Records excerpted from a collection
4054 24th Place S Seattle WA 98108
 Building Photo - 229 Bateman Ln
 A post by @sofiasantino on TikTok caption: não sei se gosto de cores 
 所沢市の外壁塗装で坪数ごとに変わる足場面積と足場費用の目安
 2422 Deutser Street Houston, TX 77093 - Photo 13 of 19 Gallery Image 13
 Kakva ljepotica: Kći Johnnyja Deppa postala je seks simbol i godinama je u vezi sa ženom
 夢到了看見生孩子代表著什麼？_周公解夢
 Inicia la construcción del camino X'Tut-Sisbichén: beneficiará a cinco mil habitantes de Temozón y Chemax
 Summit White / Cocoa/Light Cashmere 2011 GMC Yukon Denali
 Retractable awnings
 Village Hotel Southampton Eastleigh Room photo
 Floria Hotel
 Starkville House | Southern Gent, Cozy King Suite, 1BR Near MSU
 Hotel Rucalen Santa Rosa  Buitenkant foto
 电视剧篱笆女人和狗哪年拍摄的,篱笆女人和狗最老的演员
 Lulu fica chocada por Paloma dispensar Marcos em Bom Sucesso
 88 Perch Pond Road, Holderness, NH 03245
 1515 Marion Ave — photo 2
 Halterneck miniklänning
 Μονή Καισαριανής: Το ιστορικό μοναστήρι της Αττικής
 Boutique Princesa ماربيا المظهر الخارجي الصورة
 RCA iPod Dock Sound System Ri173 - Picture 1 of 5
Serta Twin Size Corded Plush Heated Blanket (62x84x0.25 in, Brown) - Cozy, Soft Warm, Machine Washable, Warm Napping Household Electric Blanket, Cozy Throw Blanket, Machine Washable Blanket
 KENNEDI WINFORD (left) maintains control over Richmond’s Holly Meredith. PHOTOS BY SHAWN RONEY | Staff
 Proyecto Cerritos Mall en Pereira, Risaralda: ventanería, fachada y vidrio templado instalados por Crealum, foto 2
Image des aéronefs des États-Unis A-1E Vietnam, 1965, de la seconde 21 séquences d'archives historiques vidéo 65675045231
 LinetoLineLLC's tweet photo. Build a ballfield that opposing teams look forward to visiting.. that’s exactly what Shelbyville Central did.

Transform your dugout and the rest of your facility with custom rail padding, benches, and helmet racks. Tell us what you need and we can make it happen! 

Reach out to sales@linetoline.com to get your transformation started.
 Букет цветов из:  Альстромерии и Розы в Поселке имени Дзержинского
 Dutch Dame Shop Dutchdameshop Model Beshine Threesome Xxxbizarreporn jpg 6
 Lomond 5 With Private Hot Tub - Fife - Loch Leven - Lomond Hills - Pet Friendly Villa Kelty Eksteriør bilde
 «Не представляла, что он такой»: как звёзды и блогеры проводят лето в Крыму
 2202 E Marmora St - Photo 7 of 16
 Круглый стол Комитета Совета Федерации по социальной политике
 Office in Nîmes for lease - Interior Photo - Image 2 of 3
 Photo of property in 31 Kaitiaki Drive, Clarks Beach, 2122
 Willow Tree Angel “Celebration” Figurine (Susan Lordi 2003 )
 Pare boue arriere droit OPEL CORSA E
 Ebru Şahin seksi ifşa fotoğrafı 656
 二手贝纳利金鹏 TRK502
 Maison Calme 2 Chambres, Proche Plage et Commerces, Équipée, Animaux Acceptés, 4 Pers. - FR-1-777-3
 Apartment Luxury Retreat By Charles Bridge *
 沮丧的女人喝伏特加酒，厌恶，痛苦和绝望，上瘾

• Brief
In the records, locate each line holding the string "what" and copy it.

• Expected answer
 LinetoLineLLC's tweet photo. Build a ballfield that opposing teams look forward to visiting.. that’s exactly what Shelbyville Central did.
Transform your dugout and the rest of your facility with custom rail padding, benches, and helmet racks. Tell us what you need and we can make it happen! 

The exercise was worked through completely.